Ada yang mengatakan, apabila hamba
mengetahui bahwa kesempurnaan yang hakiki tiada lain kecuali milik Allah
dan setiap yang tampak sempurna dari dirinya atau orang lain adalah
dari dan karena Allah, cintanya hanya milik dan kepada Allah. Hal itu
menuntut keinginan mentaati-Nya dan mencintai segala yang mendekatkan
diri kepada-Nya. Oleh karena itu, mahabbah ditafsirkan sebagai
keinginan untuk taat dan kelaziman mengikuti Rasulullah SAW dalam
peribadatannya. Hal itu merupakan dorongan menuju ketaatan kepada-Nya.
Al-Hasan
r.a. berkata, "Beberapa kaum berjanji di hadapan Rasulullah SAW, 'Wahai
Rasulullah, sungguh kami mencintai Tuhan kami.' Maka turunlah ayat di
atas."
Basyar al-Hâfî berkata, "Aku bermimpi bertemu dengan Nabi
SAW. Beliau bertanya, 'Wahai Basyar, tahukah engkau, dengan apa Allah
meninggikanmu diantara kawan-kawanmu?' "Tidak, wahai Rasulullah,"
jawabku. Beliau bersabda, 'Dengan baktimu kepada orang-orang saleh,
nasihatmu kepada saudara-saudaramu, kecintaanmu kepada sahabat-sahabatmu
dan pengikut Sunnahku, dan kepatuhanmu kepada Sunnahku.' Selanjutnya
Nabi SAW bersabda, 'Barangsiapa yang menghidupkan Sunnahku, dia telah
mencintaiku. Dan, barangsiapa yang mencintaiku, pada hari kiamat dia
bersamaku di surga.'"
Di dalam hadits masyhur disebutkan bahwa
orang yang berpegang pada Sunnah Rasulullah SAW ketika orang lain
berbuat kerusakan dan terjadi pertikaian diantara para penganut mazhab,
dia memperoleh pahala dengan seratus pahala syuhada. Demikian disebutkan
dalam Syir'ah al-Islam.
Nabi SAW bersabda, "Semua
umatku masuk surga kecuali orang yang tidak menginginkannya." "Para
sahabat bertanya, "Siapa yang tidak menginginkannya?" Beliau menjawab,
"Orang yang mentaatiku masuk surga, sedangkan orang yang durhaka
kepada-ku tidak menginginkan masuk surga. Setiap amalan yang tidak
berdasarkan Sunnahku adalah kemaksiatan."
Seorang ulama sufi
berkata, "Kalau Anda melihat seorang guru sufi terbang di udara,
berjalan di atas laut atau memakan api, dan sebagainya, sementara dia
meninggalkan perbuatan fardlu atau sunnah secara sengaja, ketahuilah
bahwa dia berdusta dalam pengakuannya. Perbuatannya bukanlah karamah.
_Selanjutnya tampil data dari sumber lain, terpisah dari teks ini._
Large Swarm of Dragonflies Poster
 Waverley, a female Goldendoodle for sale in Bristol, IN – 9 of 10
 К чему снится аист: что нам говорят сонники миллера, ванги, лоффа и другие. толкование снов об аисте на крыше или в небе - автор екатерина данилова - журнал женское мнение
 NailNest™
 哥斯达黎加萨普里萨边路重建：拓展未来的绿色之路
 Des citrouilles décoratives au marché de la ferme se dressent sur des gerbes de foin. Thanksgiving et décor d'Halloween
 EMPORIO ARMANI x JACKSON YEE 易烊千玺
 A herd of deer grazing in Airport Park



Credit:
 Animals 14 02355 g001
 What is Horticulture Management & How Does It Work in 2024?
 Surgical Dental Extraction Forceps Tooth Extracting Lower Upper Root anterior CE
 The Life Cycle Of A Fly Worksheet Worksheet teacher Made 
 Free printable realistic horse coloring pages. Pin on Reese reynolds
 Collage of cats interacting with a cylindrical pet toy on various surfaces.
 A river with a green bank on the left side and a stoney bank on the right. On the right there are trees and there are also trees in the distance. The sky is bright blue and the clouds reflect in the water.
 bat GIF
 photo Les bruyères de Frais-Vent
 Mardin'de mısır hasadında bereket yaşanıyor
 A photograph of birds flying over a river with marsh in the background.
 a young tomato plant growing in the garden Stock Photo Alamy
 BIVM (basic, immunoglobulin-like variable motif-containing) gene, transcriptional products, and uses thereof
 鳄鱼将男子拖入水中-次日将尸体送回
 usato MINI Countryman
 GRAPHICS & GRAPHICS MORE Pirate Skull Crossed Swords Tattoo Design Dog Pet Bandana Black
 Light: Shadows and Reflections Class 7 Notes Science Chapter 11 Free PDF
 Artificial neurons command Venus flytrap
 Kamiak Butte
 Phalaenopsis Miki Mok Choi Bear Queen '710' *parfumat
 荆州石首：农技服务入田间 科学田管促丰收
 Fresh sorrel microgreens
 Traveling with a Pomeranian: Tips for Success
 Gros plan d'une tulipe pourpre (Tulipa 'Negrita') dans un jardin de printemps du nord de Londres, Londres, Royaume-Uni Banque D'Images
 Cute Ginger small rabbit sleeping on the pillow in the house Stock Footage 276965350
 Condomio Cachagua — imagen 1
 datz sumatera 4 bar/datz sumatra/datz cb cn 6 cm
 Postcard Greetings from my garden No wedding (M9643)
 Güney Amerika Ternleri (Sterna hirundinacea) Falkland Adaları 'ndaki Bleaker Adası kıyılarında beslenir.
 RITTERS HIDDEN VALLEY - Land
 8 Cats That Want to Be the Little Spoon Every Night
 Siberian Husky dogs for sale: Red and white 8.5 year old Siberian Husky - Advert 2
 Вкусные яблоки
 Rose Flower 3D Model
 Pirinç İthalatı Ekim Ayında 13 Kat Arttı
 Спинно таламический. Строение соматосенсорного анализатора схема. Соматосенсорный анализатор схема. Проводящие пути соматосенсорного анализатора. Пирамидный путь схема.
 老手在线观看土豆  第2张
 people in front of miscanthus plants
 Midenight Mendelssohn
Kami berlindung kepada Allah dari yang demikian."
Al-Junayd r.a.
berkata, "Seseorang tidak akan sampai kepada Allah kecuali melalui
Allah. Jalan untuk sampai kepada Allah adalah mengikuti al-Mushthafa
SAW".
Ahmad al-Hawari r.a. berkata, "Setiap perbuatan tanpa
mengikuti Sunnah adalah batil. Sebagaimana sabda Nabi SAW, "Barangsiapa
yang mengabaikan Sunnahku, haram baginya syafaatku." Demikian disebutkan
dalam Syir'ah al-Islam.
Ada seorang gila yang tidak
meremehkan dirinya. Kemudian, hal itu diberitahukan kepada Ma'ruf
al-Karkhi. Dia tersenyum, lalu berkata, "Wahai saudaraku, Allah memiliki
para pencinta dari anak-anak, orang dewasa, orang berakal, dan orang
gila. Yang ini adalah yang engkau lihat pada orang gila."
Al-Junayd
berkata, "Guruku al-Sari r.a. jatuh sakit. Kami tidak tahu obat untuk
menyembuhkan penyakitnya dan juga tidak tahu sebab sakitnya. Dokter yang
berpengalaman memberikan resep kepada kami. Oleh karena itu, kami
menampung air seninya ke dalam sebuah botol. Lalu, dokter itu melihat
dan mengamatinya dengan saksama. Kemudian dia berkata, Aku melihat air
seni ini seperti air seni seorang pencinta ('âsyiq). 'Aku
seperti disambar petir dan jatuh pingsan. Botol itu pun jatuh dari
tanganku. Kemudian, aku kembali kepada al-Sari dan mengabarkan hal itu
kepadanya. Dia tersenyum dan berkata, 'Allah mematikan apa yang dia
lihat.' Aku bertanya, 'Wahai guru, apakah mahabbah itu tampak jelas
dalam air seni?' Dia menjawab, 'Benar.'
Al-Fudhayl r.a. berkata,
"Apabila ditanyakan kepadamu, apakah engkau mencintai Allah, diamlah.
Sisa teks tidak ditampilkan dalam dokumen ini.